Ligand Gating: The binding of a ligand causes a conformational change that opens the channel, allowing ions to move down their concentration gradient (facilitated diffusion).
Importance
Critical for communication in the nervous system and muscle contraction; neurotransmitters often bind to these channels to transmit signals between cells.
Intracellular Receptors
Overview
Intracellular receptors can be found in the cytosol or nucleus, responding to small and hydrophobic chemical signals (like steroid hormones).
Example: Estrogen Receptor
When estrogen (a small hydrophobic molecule) enters a cell:
It diffuses across the phospholipid bilayer.

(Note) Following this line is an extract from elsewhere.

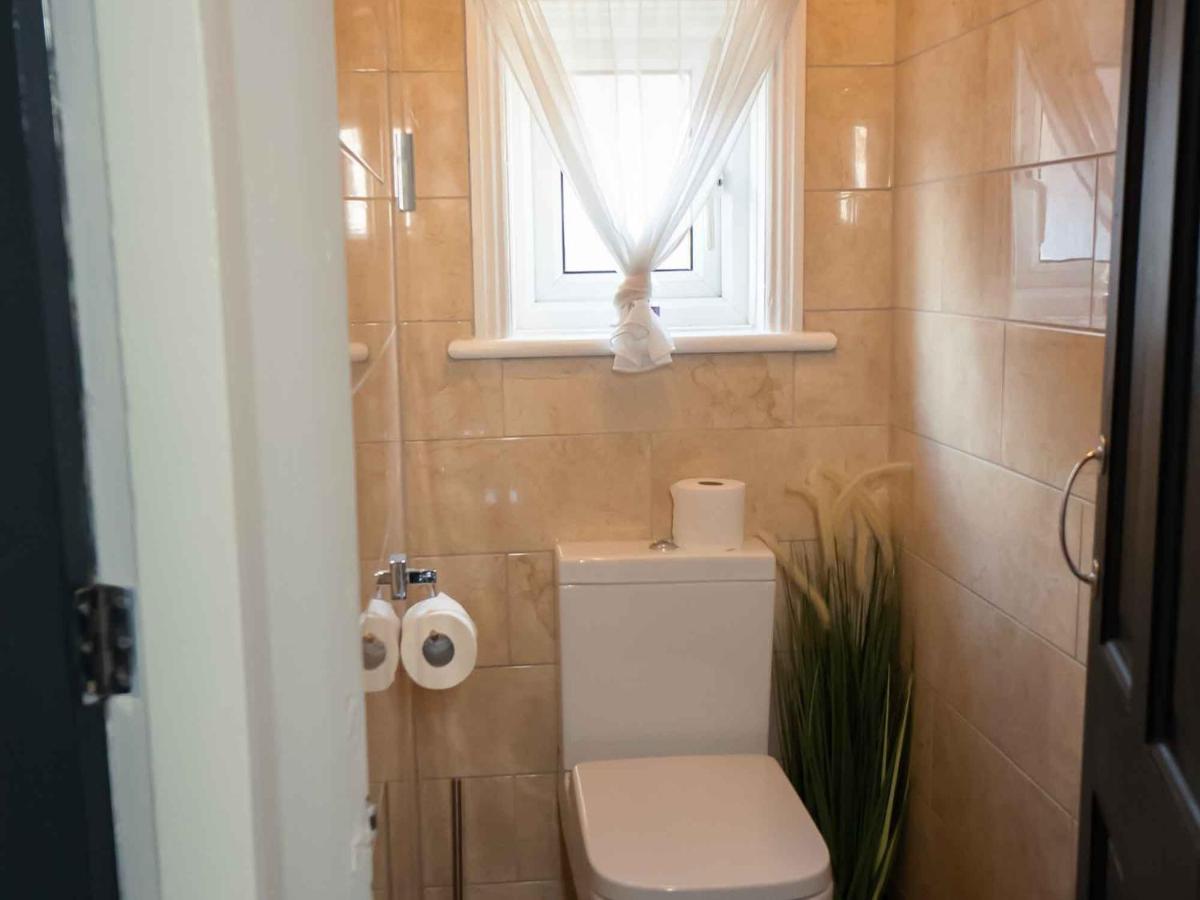 Pass The Keys Amazing, Newly Renovated 5Bedroom House Sleeps 10 Scarborough Dış mekan fotoğraf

Once inside, it binds to its receptor, triggering a conformational change and activation of the receptor.
Gene Expression Changes: The activated receptor interacts with specific DNA sequences, leading to changes in gene expression and protein synthesis, thereby modifying cellular activity.
Summary of Receptor Types
Type of Receptor | Location | Function |
|---|---|---|
Enzyme-linked receptors | Extracellular | Signal binding and catalysis |
G protein-coupled receptors | Extracellular | Signal transduction via G proteins |
Ligand-gated ion channels | Extracellular | Ion transport in response to ligand binding |
Intracellular receptors | Inside the cell | Gene expression regulation |
Genetic Material and DNA Structure
Historical Context
The understanding of DNA as genetic material only became established in the 1950s.

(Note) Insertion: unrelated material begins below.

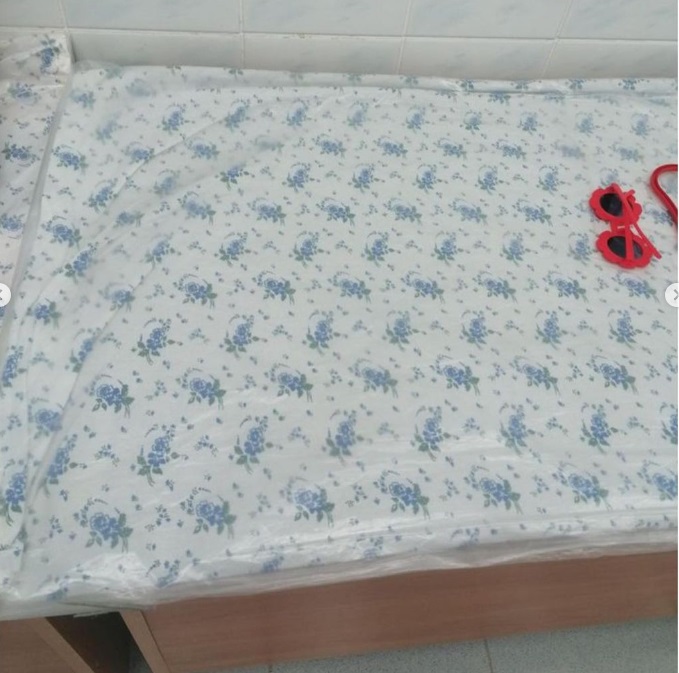 Нет даже подушек: жительница Актау пожаловалась на условия в дневном стационаре детской больницы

Early ideas of heredity focused on understanding how traits passed from parents to offspring.
Griffith's Experiments
Streptococcus pneumoniae: Griffith used two strains of bacteria (smooth and rough), with smooth being virulent due to a capsule.

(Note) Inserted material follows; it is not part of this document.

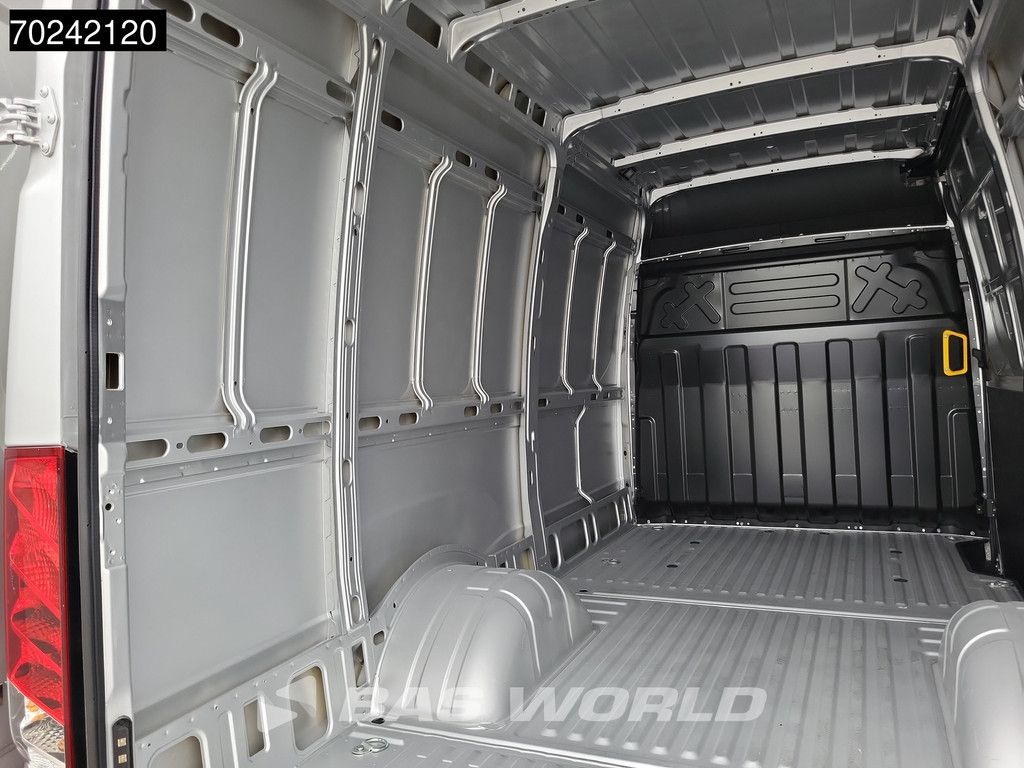 Iveco Daily 35C21 3.0L Automaat 210PK L2H2 Dubbellucht 3,5t Trekgewicht ACC Navi LED Airco Camera Euro6 L2 12m3 A/C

Experiment showed that non-virulent bacteria could transform into virulent forms when exposed to heat-killed virulent bacteria, leading to the hypothesis of a genetic material transfer.
Transformation Example
Living rough strain (non-virulent) mixed with heat-killed smooth strain (virulent) -> mouse dies, live smooth strain isolated.
Avery's Experiments
Avery and colleagues identified DNA as the transforming principle by purifying macromolecules and showing transformation only occurred with DNA.
Enzymes were used to eliminate RNA and proteins to confirm DNA was responsible for the transformation.
Structure of DNA
Components: Comprised of nucleotides, each consisting of a phosphate group, deoxyribose sugar, and nitrogenous bases (A, T, C, and G).
Bonding: Phosphodiester bonds link nucleotides together to form a polynucleotide strand.
Directionality: Strands run anti-parallel; one end labeled 5’ (phosphate) and the other 3’ (hydroxyl).
Base Pairing and Helical Structure
A pairs with T (via two hydrogen bonds), and C pairs with G (via three hydrogen bonds).
DNA consists of a double helix structure with a sugar-phosphate backbone and nitrogenous bases oriented toward the interior.
Conclusion
The understanding of cell surface receptors and genetic material has laid a vital foundation in molecular biology, influencing studies on gene expression, signaling pathways, and heredity.